Wenn über Asylsuchende berichtet wird, kommen die Asylsuchenden höchst selten zu Wort. Sie müssen sich meist damit begnügen, Anlass und Gegenstand der medialen Aufmerksamkeit zu sein.
Entsprechend wird auch meistens aus der Perspektive von uns Einheimischen erzählt und argumentiert. Für einmal wird hier die Sicht auf das scheinbar Gewöhnliche verändert.
Was gefällt Asylsuchenden am Alltag in der Schweiz? Was macht ihnen Eindruck? Was freut sie? Mit diesen Fragen im Gepäck besuchten wir die Konversationsklasse Deutsch für Asylsuchende vom Netzwerk Aargau in Nussbaumen.
Gegen 30 Asylsuchende besuchen jeweils am Mittwochnachmittag den Unterricht bei Isabella Günthardt. Der Deutschkurs ist freiwillig. Deutschlehrerin Isabella Günthardt arbeitet ehrenamtlich.
Ihre Schülerinnen und Schüler kommen aus rund einem Dutzend verschiedener Länder, alle mit ihren eigenen Geschichten in ihren eigenen Sprachen. Wenn sie sich verständigen wollen, ist es am einfachsten, wenn sie dies in ihrer neuen Sprache tun, die sie hier am Lernen sind: auf Deutsch.
Die Kenntnisse sind höchst unterschiedlich; einige könne sich schon recht gewandt ausdrücken, für andere scheint die deutsche Sprache noch für einige Zeit ein Mysterium zu bleiben. Die unterschiedlichen Niveaus sind aber kein Hinderungsgrund für einen attraktiven Unterricht; Es wird geschrieben und diskutiert und gelacht – und wenn das richtige Wort sich partout nicht finden lässt, wird das Handy zur Übersetzungshilfe.
Zehn Asylsuchende aus der Klasse haben sich schliesslich bereit erklärt, am kleinen Schreibprojekt mitzumachen. Sie erhielten den Auftrag, eine Besonderheit, die ihnen in der Schweiz aufgefallen ist und die ihnen Eindruck macht, kurz zu beschreiben und mit einem Handyfoto zu illustrieren. Mit grossem Einsatz gingen die Teilnehmenden ans Werk und sie brachten völlig individuelle Antworten zurück.

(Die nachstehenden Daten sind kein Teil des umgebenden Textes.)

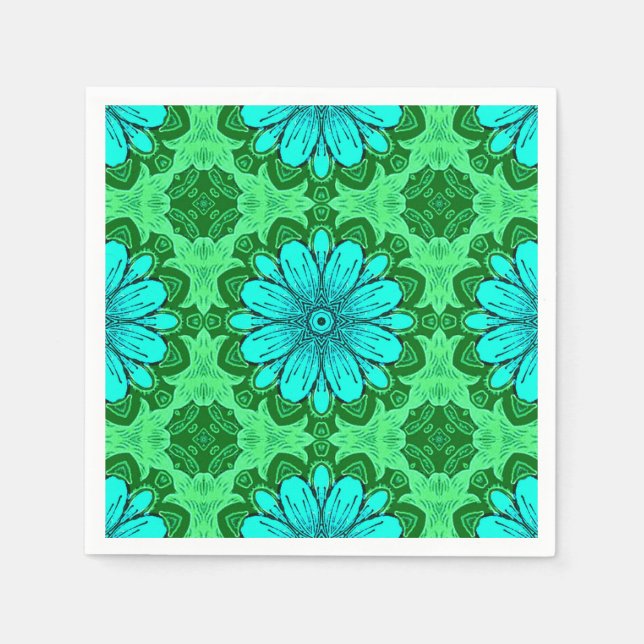 Geometric Daisy Pattern in Turquoise and Green Napkin (Front)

Die Ergebnisse findest du in der obigen Bildergalerie, die Texte wurden moderat redigiert. Die Fotos sind von unterschiedlicher Qualität, aber höchst überraschend.
Überraschend war auch, wie von den Asylsuchenden vieles, was für uns selbstverständlich und alltäglich ist, als aussergewöhnlich wahrgenommen wird. Dass man sich hier frei bewegen kann, dass die Züge pünktlich abfahren, dass man keine Bettler sieht.

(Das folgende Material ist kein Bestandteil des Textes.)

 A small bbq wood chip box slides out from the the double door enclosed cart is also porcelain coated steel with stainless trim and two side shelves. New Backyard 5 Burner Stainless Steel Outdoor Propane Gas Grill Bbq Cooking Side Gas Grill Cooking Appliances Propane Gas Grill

Mag sein, dass die Berichte der Asylsuchenden uns auch wieder etwas bewusster machen, dass unser gesicherter Alltag keine Selbstverständlichkeit ist.
Nur wenige der teilnehmenden Flüchtlinge waren bereit, sich fotografieren zu lassen. Zu sehr schwingt noch die Furcht mit, dass das Bild in die ursprüngliche Heimat gelangen könnte und deshalb die zurückgelassenen Familienangehörigen Repressionen ausgesetzt würden. Man einigte sich auch darauf, aus Sicherheitsgründen nur den Vornamen und das Herkunftsland zu nennen.